Рабочие относились к нему, как к своему лучшему товарищу, заводское начальство и полиция побаивались «отпетого» человека.

У нас, помню, Агапыч бывал не один раз. Мать по этому случаю «гоношила пельмешки», а я получал от отца наряд «слетать» к Парушке, к Изюминке или к Зимовскому, судя по тому, в котором из кабаков нашей улицы в то время кредитовался отец.

Больше одной бутылки, сколько помню, не пили, а это для двоих, «крепких на вино» людей было пустяком.

Разговоры велись самые неинтересные для меня, и я даже удивлялся, как это Агапыч – знаменитый заводский разбойник – мог разговаривать о сдаче кусков, о браковке железа, о ценах на зубленье напильников. Еще более расхолаживало меня, когда этот белобрысый человек с необыкновенно длинными руками начинал жаловаться на свою жизнь.

– Не могу я, Данилыч, без дела. Ну, кормят меня, поят – спасибо. А вот дела никто дать не может. А без дела как? Вот и живешь по-волчьи. Бродишь с места на место.

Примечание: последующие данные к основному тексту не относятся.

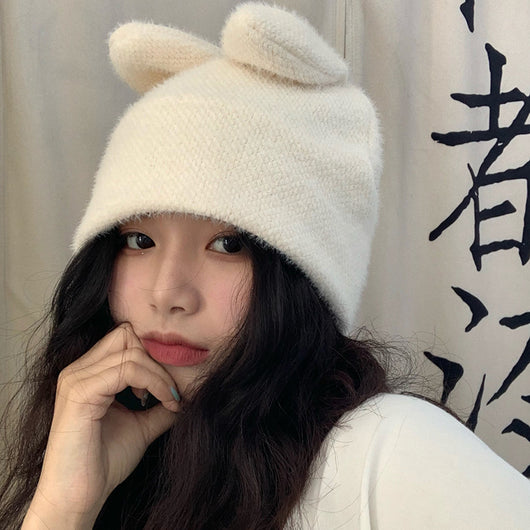 Gorro de Lana Tejido con Orejas de Conejo - Diseño Dulce para Niña - Image 5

О Сибири, о своем побеге Агапыч не рассказывал. Сибирь и каторга им определялись одним словом: «тоскляво».

Тоска по родному месту гнала Агапыча в Сысерть, где он и бродил от приятеля к приятелю, служа пугалом заводскому начальству и «громоотводом» в случае «расчетов по мелочам», о чем речь идет дальше.

Когда окончательно исчез с заводского горизонта этот истомившийся по работе заводской разбойник, точно не помню, но в большой драке по случаю приезда жены владельца заводов он «работал» с исключительным остервенением, и у многих из заводской «шоши» остались неизгладимые воспоминания о прикосновении его костлявого огромного кулака.

«Агапыч урезал» – почти всегда значило: искалечил.

«Расчеты по мелочишкам»

Начало зимнего вечера. Мать только что окончила «управляться» с коровой и зажгла огонь. Окна по заводскому обычаю закрыты ставнями.